施設内の職種によっても考え方の違いはあります。家族や介護職員は「情」で動くことが多いのですが、ナースは「理」の部分を持っていないといけない、と思います。それを踏まえて全体を調整する看護主任の負担は大きいものだと感じています。

病院看護師は地域でも活躍を!

病院ナースと施設ナースのギャップを埋めていく活動は、個別のケースへの対応と並行して地域全体に広げていくことが看護師としての役割であり、退院後の受け皿の拡大にもつながっていくのではないでしょうか。専門看護師や認定看護師が積極的に地域に出て、臨床から離れていた施設の看護師、介護スタッフなどに、現在の概念や技術を伝えてほしいのです。受け皿としての介護施設の実情を知ってもらう機会にもなり、医療従事者としての「理」の視点も踏まえた指導は、次のアクションにつながる情報のキャッチボールを活発にします。

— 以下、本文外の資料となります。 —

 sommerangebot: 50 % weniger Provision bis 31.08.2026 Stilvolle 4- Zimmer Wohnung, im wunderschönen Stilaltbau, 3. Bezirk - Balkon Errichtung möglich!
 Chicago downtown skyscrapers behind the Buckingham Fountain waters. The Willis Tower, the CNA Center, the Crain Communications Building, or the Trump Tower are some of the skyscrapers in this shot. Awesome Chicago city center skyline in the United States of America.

他の組織をも活性化しスムーズな退院の環境づくりにつなげていくポテンシャルを、是非地域でも発揮してほしいと思います。

施設看護師はリンクナースの役割を

施設の看護師は、外部の専門・認定看護師から受けたスキルを自施設に合わせて落とし込み、介護スタッフへのアドバイザーとして医療的な知識や技術を指導する役割があります。病院内でナースをまとめているリンクナースのように、入院先の病院ナースと施設の介護スタッフの間に入って調整してもらえると、退院後の受け入れの幅も広がっていくのではないでしょうか。